Photos C/O Trevor Copp

By: Jackie McNeill

Tottering Biped Theatre, a Hamilton-based theatre company founded by Trevor Copp, has reached over 600,000 views on a TED Talk about ‘liquid lead dancing,’ a gender neutral form of partner dancing.

Several McMaster alumni are involved in the theatre company, particularly with their summer Shakespeare work held at the Royal Botanical Gardens.

The theatre is social justice-focused, devising works that have addressed issues like poverty, same sex marriage and mental health and different interpretations of Shakespeare.

However, as prominent as the theatre’s work is, it is not what Copp is arguably best known for.

In 2015, he and his colleague Jeff Fox delivered a TED Talk in Montreal on a dance concept they developed called ‘liquid lead dancing.’

Liquid lead dancing, a form of gender neutral partner dance, was born out of Copp’s discomfort with the systems and rules he was perpetuating as a ballroom dance teacher.

As explained in their TED Talk, the strictly gendered partner dancing promotes a relationship shaped by dictation, where the man leads and the woman follows.

He and Fox developed liquid lead dancing to turn this dictation into a negotiation.

It proposes a system where lead and follow are exchanged throughout the course of the dance regardless of gender,” Copp explained.

This change of form will hopefully become normalized as a dance and help to normalize healthy relationships outside of partner dance as well.

The liquid lead dance between Copp and Fox morphed into a play about creating the first dance for a same sex wedding.

After a successful run of the play, a former student contacted Copp about presenting their dance form as a TED talk.

Copp and Fox’s TED talk was picked up by, and has over 600,00 views to date.

Despite the success of the TED talk, Copp admits that it has not been all smooth sailing promoting liquid lead dancing.

“Most people are comfortable with their given role, and, even though they aren't particularly traditional in their thinking, allow it to decide their roles as dancers.

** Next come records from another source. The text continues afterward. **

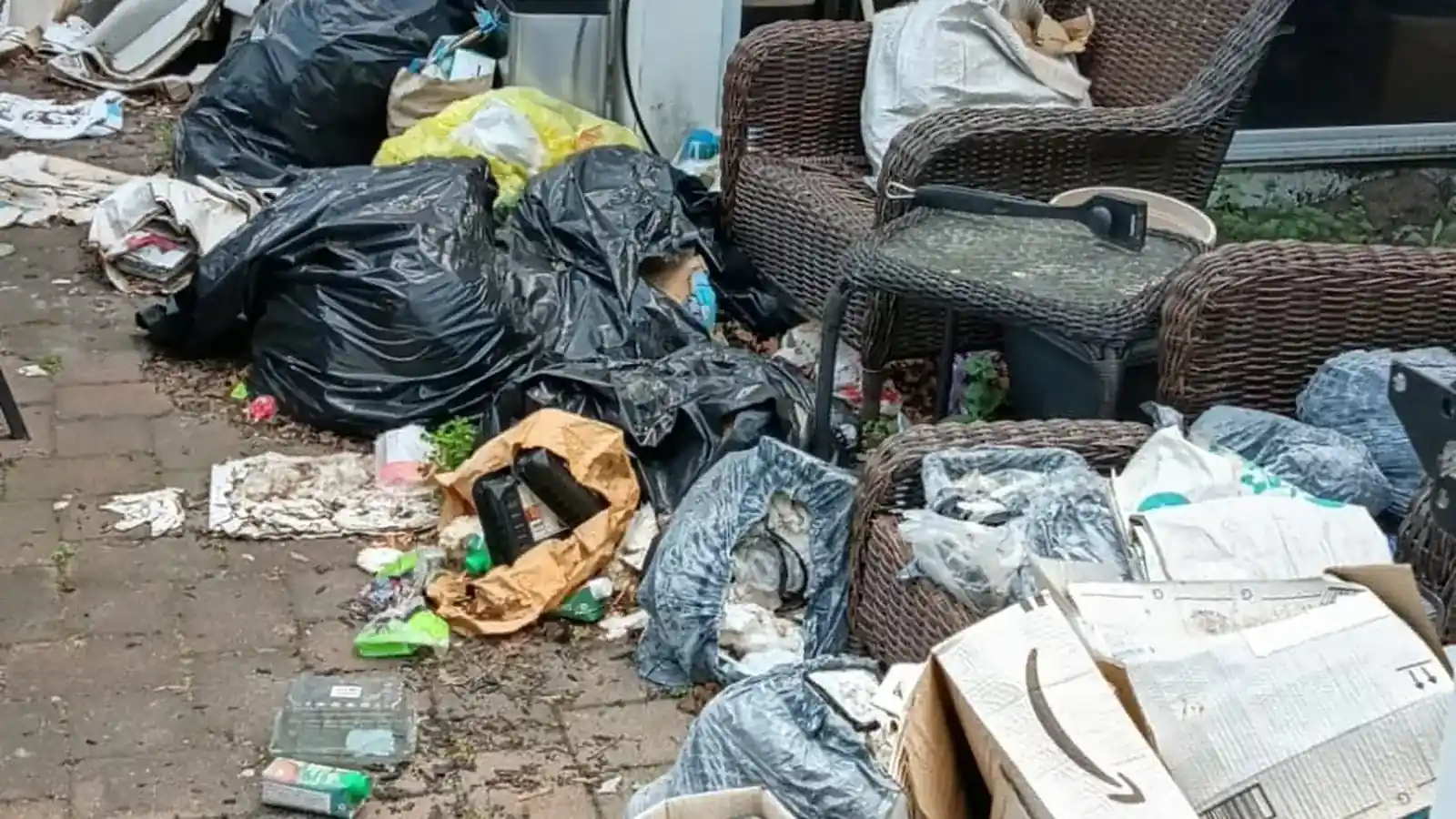 Trash bags, boxes and worn wicker chairs covering a patio before a cleanout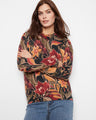 Floral sweater with a crew neckline, showcasing vibrant autumn hues and a comfortable fit. Designed by Charlie B.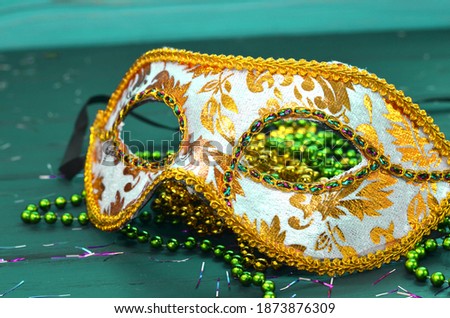 Mardi gras mask and beads on a wooden background. Madi Gras carnival accessories, confetti, Festive, venetian or carnivale mask. Masquerade celebration concept
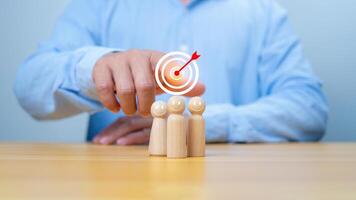 Business achievement goal and objective target, Team growing business success concept, Teamwork, Successful team, Hand holding dartboards target and human icon with line connection on wooden block. photo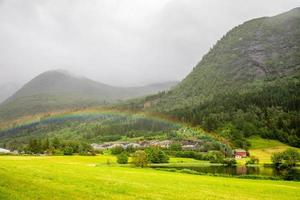 arco-íris colorido sobre os campos, lago e casas da vila de skei, noruega. foto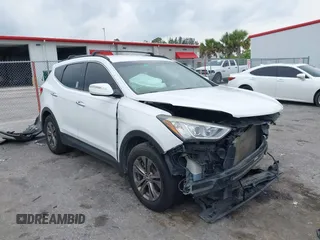 2014 Hyundai Santa Fe with VIN 5XYZU3LB9EG229255, listed as a IAAI auction lot 42407410 with 201,523 mi miles and . Bid and sale history available at DreamBid. Image 1.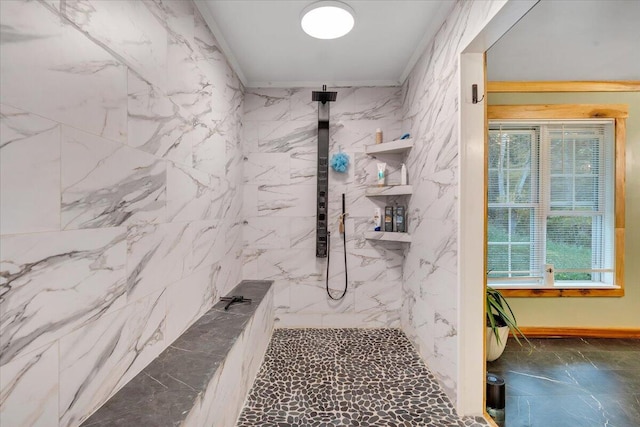 bathroom with ornamental molding and a tile shower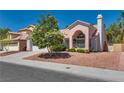 Charming single-Gathering home featuring a tile roof, landscaped yard, and stucco exterior at 2904 Channel Bay Dr, Las Vegas, NV 89128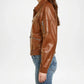 Brown leather jacket worn by a person on a white background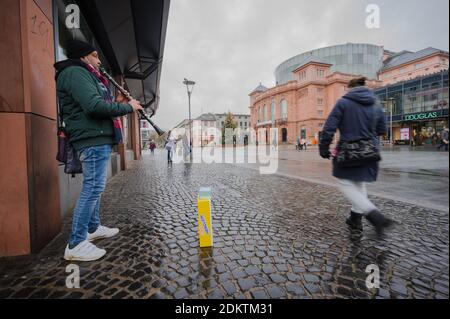 Magonza, Germania. 16 Dic 2020. Un musicista di strada suona nel centro della città. Ludwigstraße è quasi deserta durante i consueti orari di apertura del negozio. Numerosi negozi rimangono chiusi a causa della chiusura a livello nazionale. L'obbligo di frequentare le scuole viene revocato. Credit: Andreas Arnold/dpa/Alamy Live News Foto Stock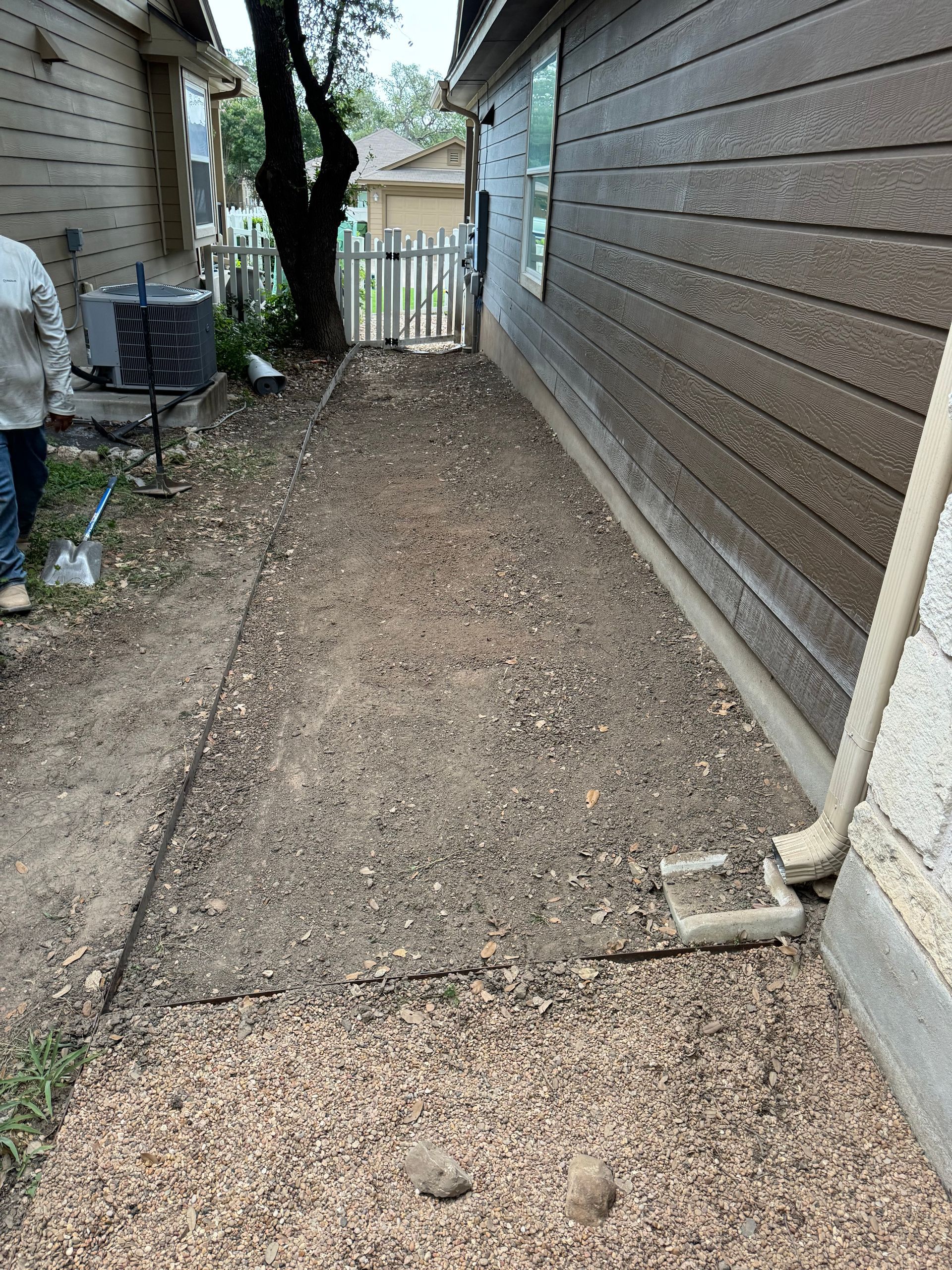 Gravel path between two buildings, leading to a white picket fence and gate.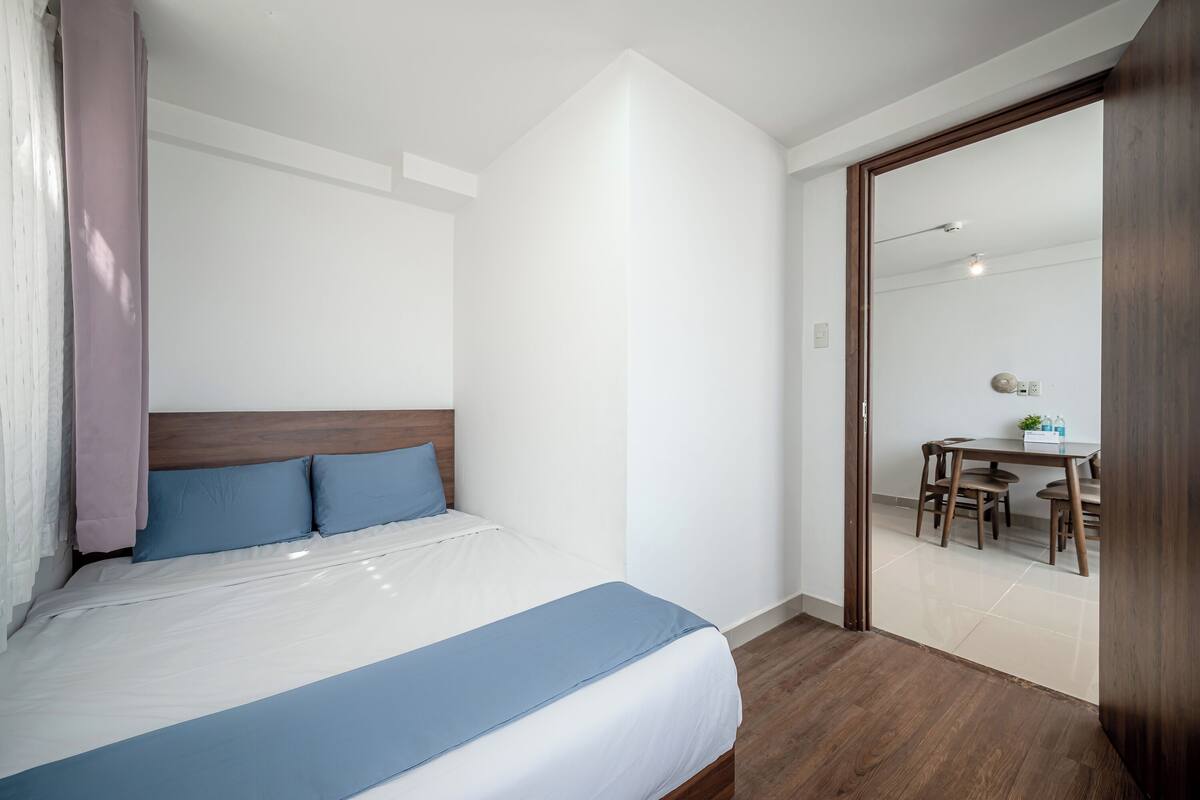 A bedroom with a bed, a wooden headboard, a blue blanket, and a wooden floor.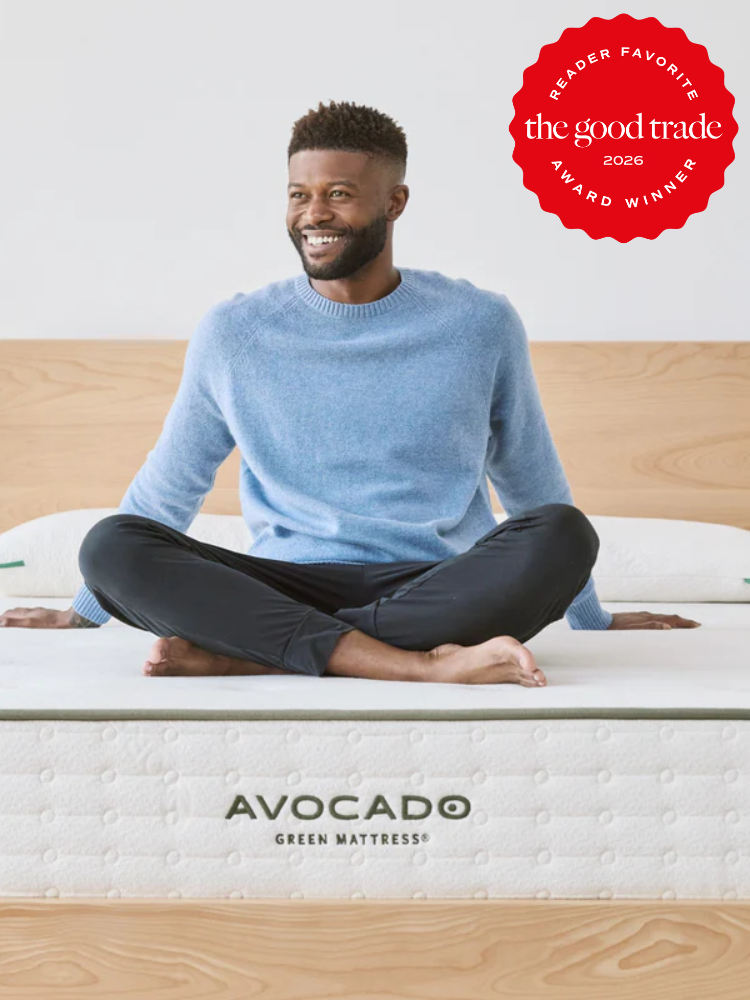 A man sits cross-legged on an Avocado Green Mattress in a bedroom. A red badge in the corner reads, "The Good Trade Reader Favorite Award Winner 2026.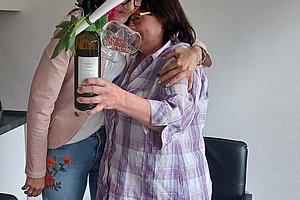 Zwei Frauen umarmen sich, eine hält eine Flasche Wein mit Blumen.Arrangement, freundliche Atmosphäre.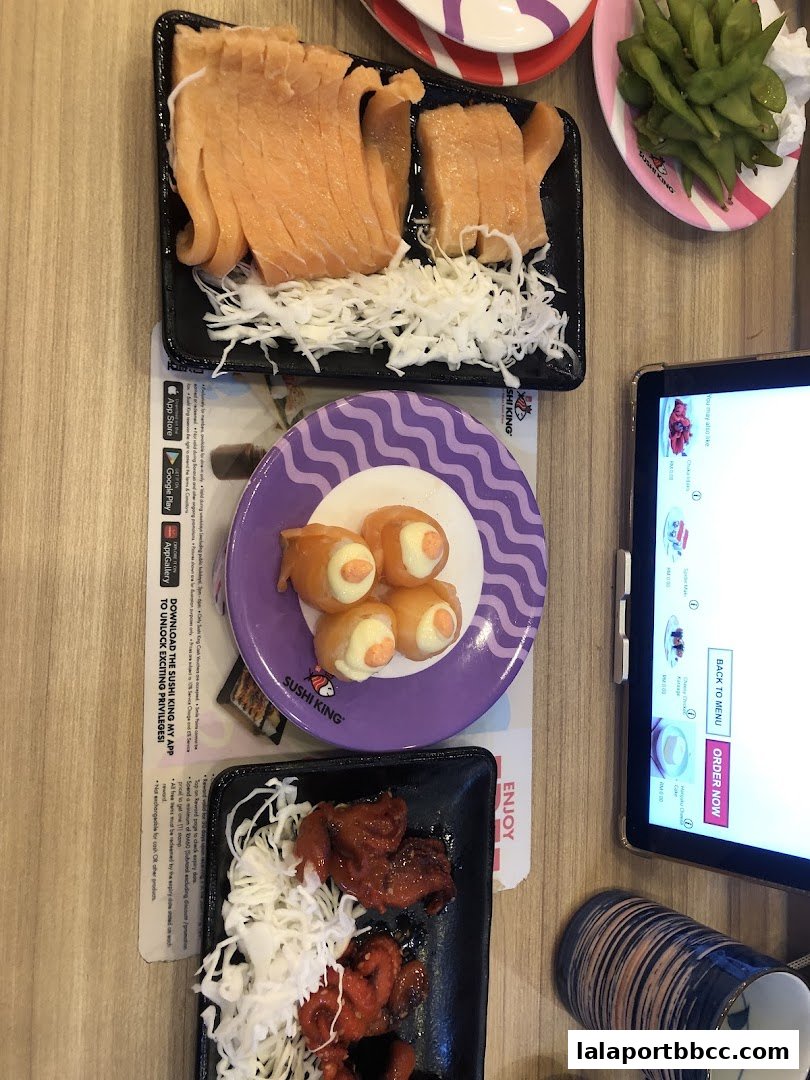 A table at Sushi King Lalaport BBCC with various sushi dishes and a tablet.
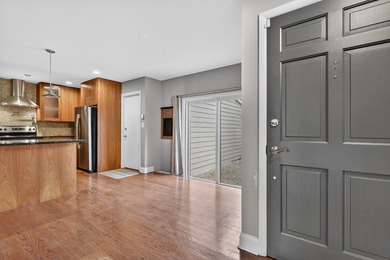 Beautiful townhome with mid century modern touches set on a on Old Orchard Country Club in Illinois - for sale on GolfHomes.com, golf home, golf lot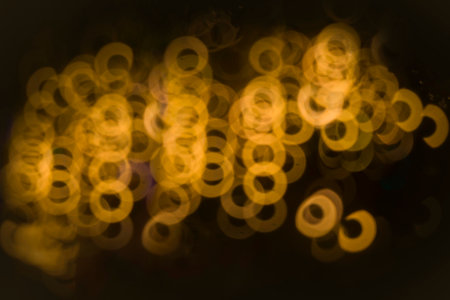 Background photography of golden yellow spherical light, striking color, black scene Abstract digital graphic patternの写真素材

There's comfort in the familiar. I don't begrudge it at all. I just think that if you're going to recreate a culturally outdated form you should be conscious of it by making a choice to do so as opposed to sleepwalking your way through the dance form.”

Acknowledging that the work he had done with liquid lead dance is not that well-known in Hamilton, Copp is aiming to work harder at spreading the dance form in the future.

As explained in the TED Talk, liquid lead dancing is not about dance alone.

By addressing the strict roles perpetuated in partner dancing, Copp and Fox have begun to address the erasure of non-binary people and same-sex couples in dance, in addition to the exclusion of Black, Asian and other non-white bodies.

By bringing these issues that are prevalent within ballroom and partner dance to a wider audience with the TED Talk and Copp’s theatre company, the same issues that are prevalent in everyday life stand a better chance at being addressed.

Copp has performed liquid lead dance at conferences throughout Ontario, New York and Ireland and is looking forward to next presenting at a conference on consent and sexuality with Planned Parenthood in Virginia.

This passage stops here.